Short web captions:
▬▬▬▬▬▬

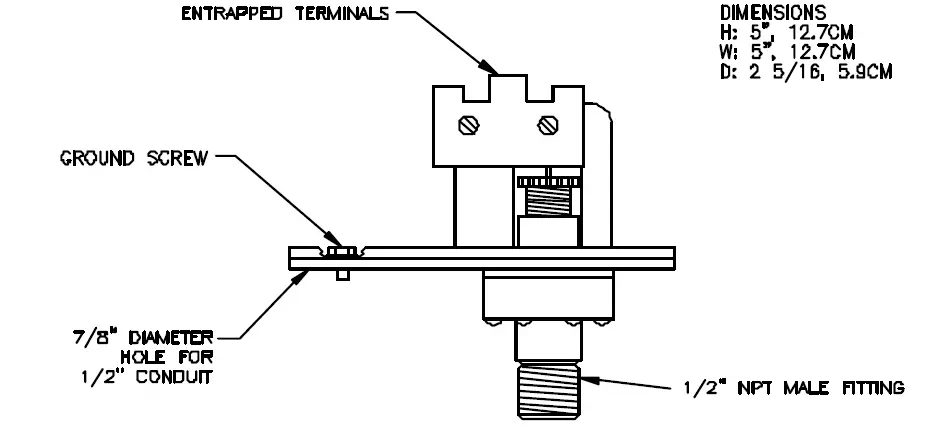 POTTER WFS-5 Waterflow Switch 1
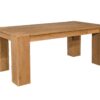 Stolik kawowy MAKASSAR 100 cm – drewno mango kremowy beż 48652
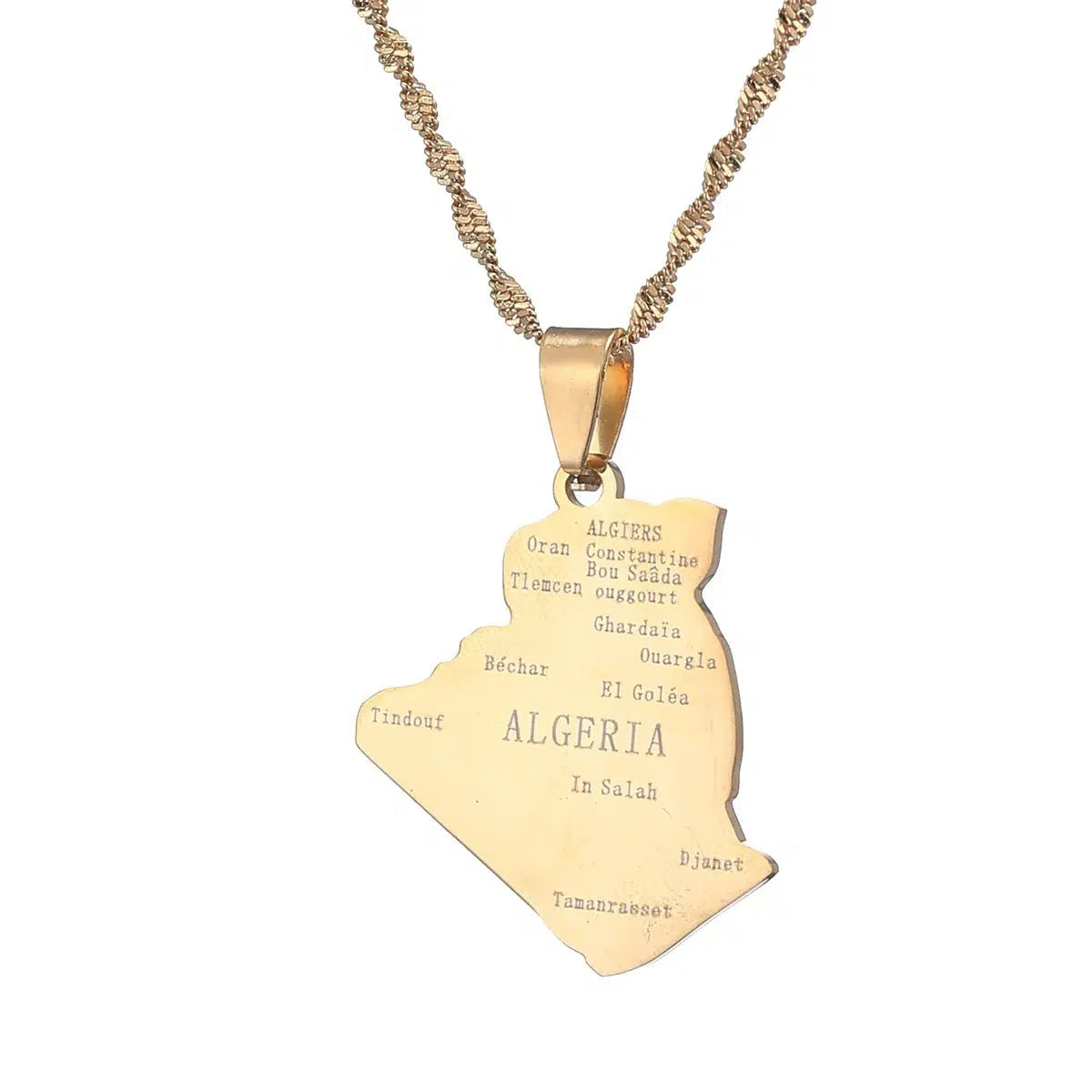 Algeria Map Necklace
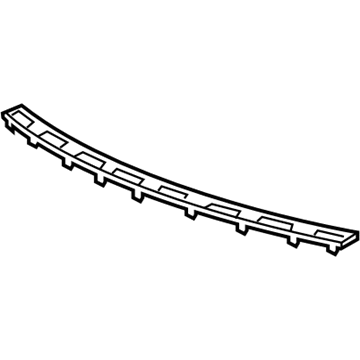 GM 20983814 Pad,Rear Bumper Fascia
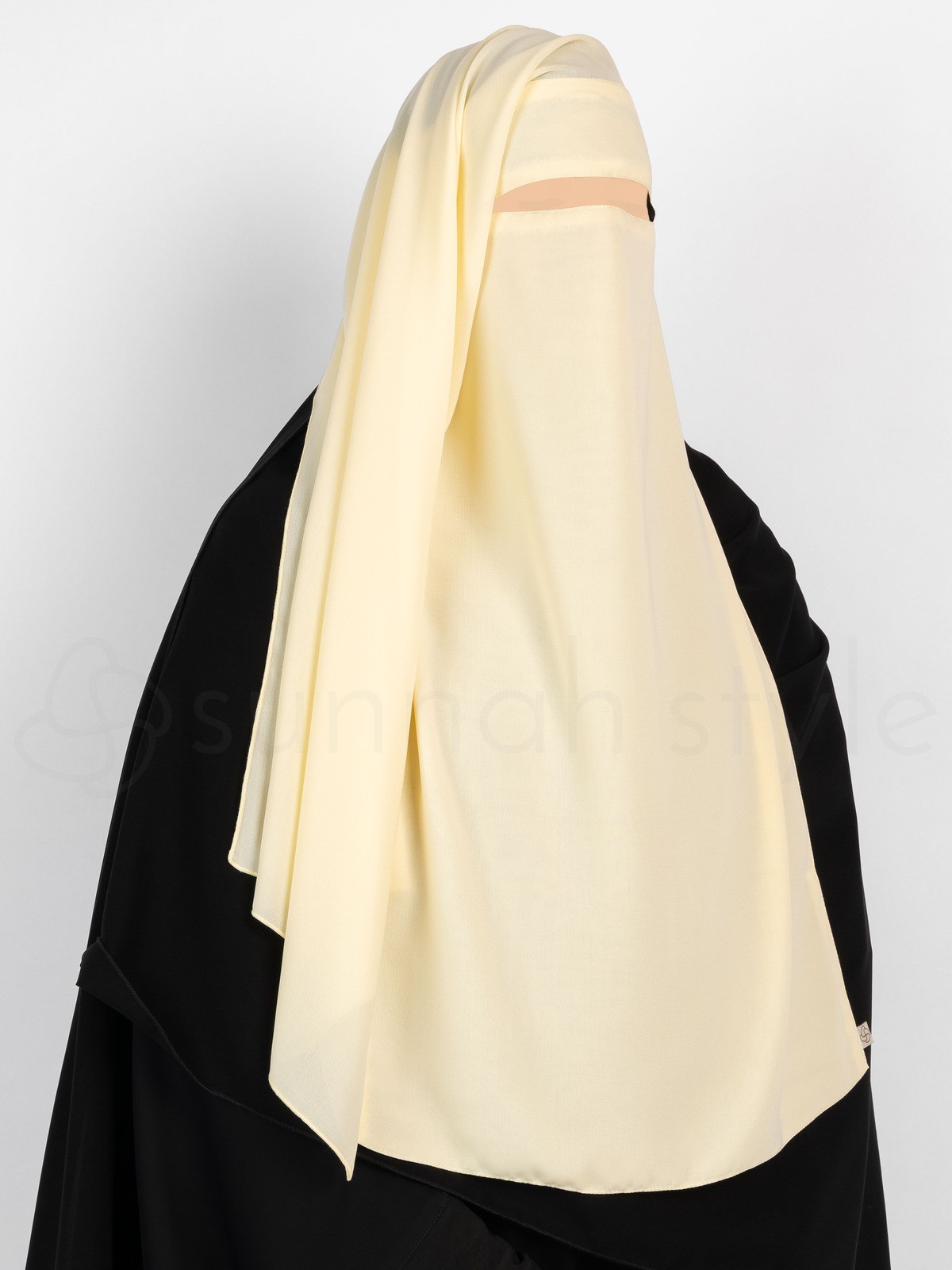 Sunnah Style - Long Two Layer Niqab (Vanilla Cream)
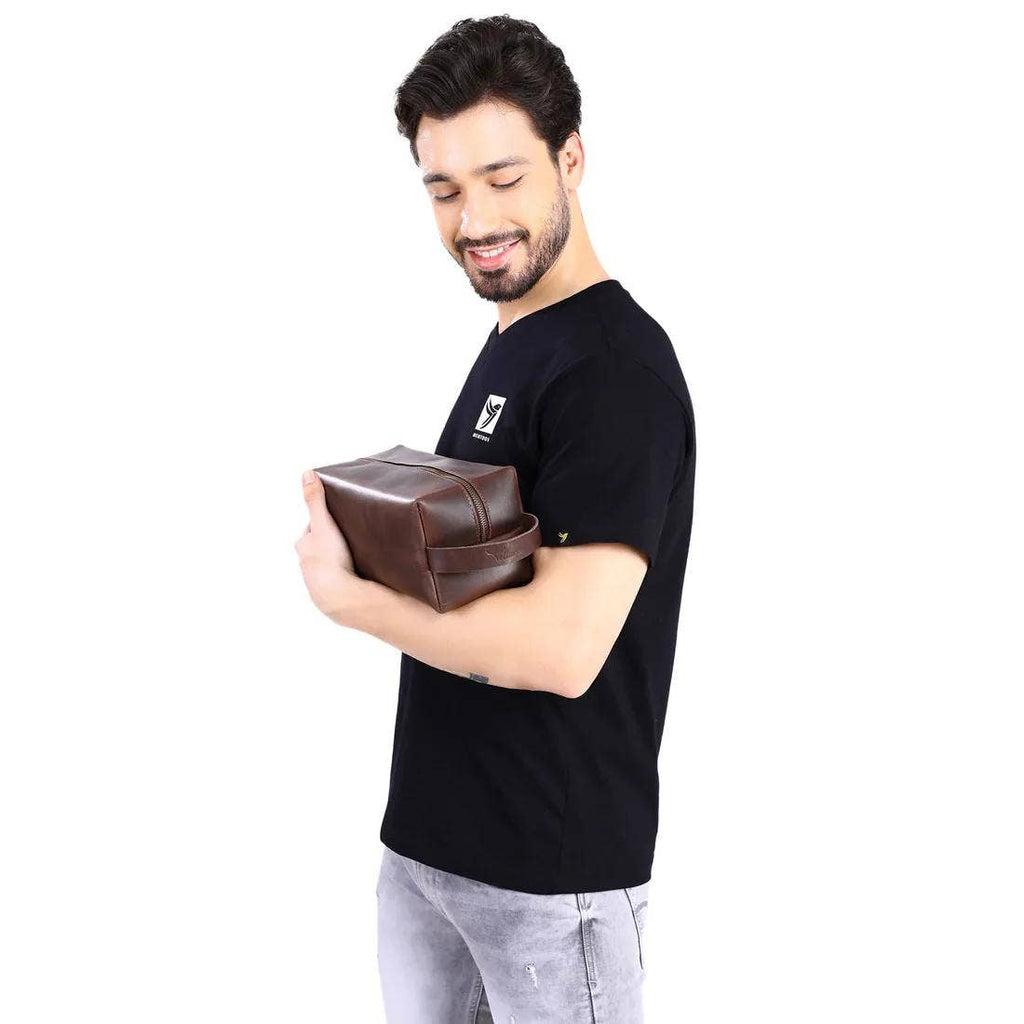 Leather Toiletry Bag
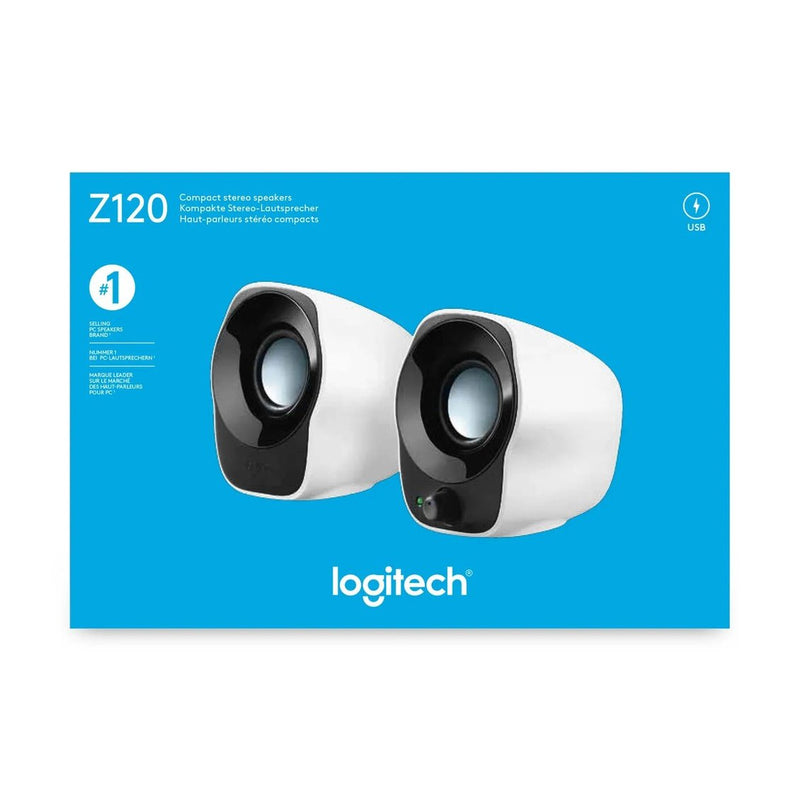 Logitech® Stereo Speakers Z120 - White - Usb - N A - Emea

▬▬▬▬▬▬

Problem statement:
Set down exactly the lines of the entries above from the one holding "GM 20983814 Pad,Rear Bumper Fascia" through the last one, including both, with the pictures left out.

Reply to the exercise:
 GM 20983814 Pad,Rear Bumper Fascia
 Sunnah Style - Long Two Layer Niqab (Vanilla Cream)
 Leather Toiletry Bag
 Logitech® Stereo Speakers Z120 - White - Usb - N A - Emea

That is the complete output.